• [WORK REQUEST]: Write the listing out again word for word, skipping each picture.

══ DATA SHOWN ══

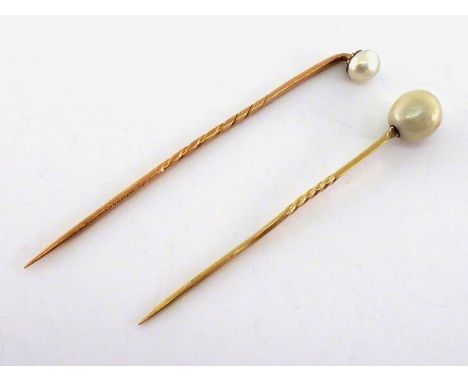 Two 19th century pearl-set stick pins, both pearls untested, the larger 9.2 x 7.8mm, mounted on gold (tests 14 carat) pins, 2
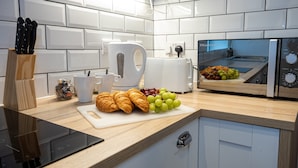 Una cocina moderna con baldosas blancas, un tostador, una tetera, una tabla de cortar con cruasanes y uvas, y un bloque de cuchillos.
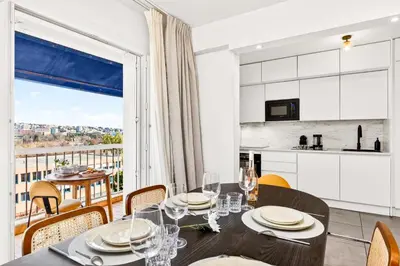 a kitchen and dining room with a table and chairs at Spacieux 4 pièces - Balcon - Parking - FC in Saint-Laurent-du-Var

═══

• [SOLVED PROBLEM]:
 Two 19th century pearl-set stick pins, both pearls untested, the larger 9.2 x 7.8mm, mounted on gold (tests 14 carat) pins, 2
 Una cocina moderna con baldosas blancas, un tostador, una tetera, una tabla de cortar con cruasanes y uvas, y un bloque de cuchillos.
 a kitchen and dining room with a table and chairs at Spacieux 4 pièces - Balcon - Parking - FC in Saint-Laurent-du-Var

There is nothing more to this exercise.